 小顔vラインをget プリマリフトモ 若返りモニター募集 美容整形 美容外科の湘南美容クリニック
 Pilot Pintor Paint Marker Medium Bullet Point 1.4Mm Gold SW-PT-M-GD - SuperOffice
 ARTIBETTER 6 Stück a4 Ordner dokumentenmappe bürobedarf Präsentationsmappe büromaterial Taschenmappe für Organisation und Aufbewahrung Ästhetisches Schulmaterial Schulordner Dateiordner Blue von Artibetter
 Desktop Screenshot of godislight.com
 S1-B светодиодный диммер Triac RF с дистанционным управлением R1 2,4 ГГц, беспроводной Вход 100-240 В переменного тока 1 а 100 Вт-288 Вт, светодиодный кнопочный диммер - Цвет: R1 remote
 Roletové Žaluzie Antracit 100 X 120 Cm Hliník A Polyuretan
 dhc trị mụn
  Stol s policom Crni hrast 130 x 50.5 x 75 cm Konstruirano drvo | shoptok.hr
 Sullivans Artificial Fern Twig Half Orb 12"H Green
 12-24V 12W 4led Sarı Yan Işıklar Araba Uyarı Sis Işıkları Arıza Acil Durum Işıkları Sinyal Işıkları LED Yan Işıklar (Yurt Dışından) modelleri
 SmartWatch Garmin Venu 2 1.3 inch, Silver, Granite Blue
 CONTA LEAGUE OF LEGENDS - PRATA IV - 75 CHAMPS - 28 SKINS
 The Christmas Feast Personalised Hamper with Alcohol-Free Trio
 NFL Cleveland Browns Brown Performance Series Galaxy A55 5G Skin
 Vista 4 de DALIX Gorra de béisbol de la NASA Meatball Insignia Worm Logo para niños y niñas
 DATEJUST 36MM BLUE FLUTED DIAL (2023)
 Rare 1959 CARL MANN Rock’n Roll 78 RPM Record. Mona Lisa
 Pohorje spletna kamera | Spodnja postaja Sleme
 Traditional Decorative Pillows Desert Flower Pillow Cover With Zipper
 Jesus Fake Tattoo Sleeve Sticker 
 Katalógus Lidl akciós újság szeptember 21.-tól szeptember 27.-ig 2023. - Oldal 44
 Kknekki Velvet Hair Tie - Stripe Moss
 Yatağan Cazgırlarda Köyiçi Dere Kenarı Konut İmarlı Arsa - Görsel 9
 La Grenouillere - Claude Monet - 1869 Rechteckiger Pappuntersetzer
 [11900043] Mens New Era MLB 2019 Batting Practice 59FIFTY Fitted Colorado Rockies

__Exercise description__
For the listing above, print only the lines starting at the line containing "Pilot Pintor Paint" and ending at the line containing "Roletové Žaluzie Antracit", exactly, both included.

__Result of the task__
 Pilot Pintor Paint Marker Medium Bullet Point 1.4Mm Gold SW-PT-M-GD - SuperOffice
 ARTIBETTER 6 Stück a4 Ordner dokumentenmappe bürobedarf Präsentationsmappe büromaterial Taschenmappe für Organisation und Aufbewahrung Ästhetisches Schulmaterial Schulordner Dateiordner Blue von Artibetter
 Desktop Screenshot of godislight.com
 S1-B светодиодный диммер Triac RF с дистанционным управлением R1 2,4 ГГц, беспроводной Вход 100-240 В переменного тока 1 а 100 Вт-288 Вт, светодиодный кнопочный диммер - Цвет: R1 remote
 Roletové Žaluzie Antracit 100 X 120 Cm Hliník A Polyuretan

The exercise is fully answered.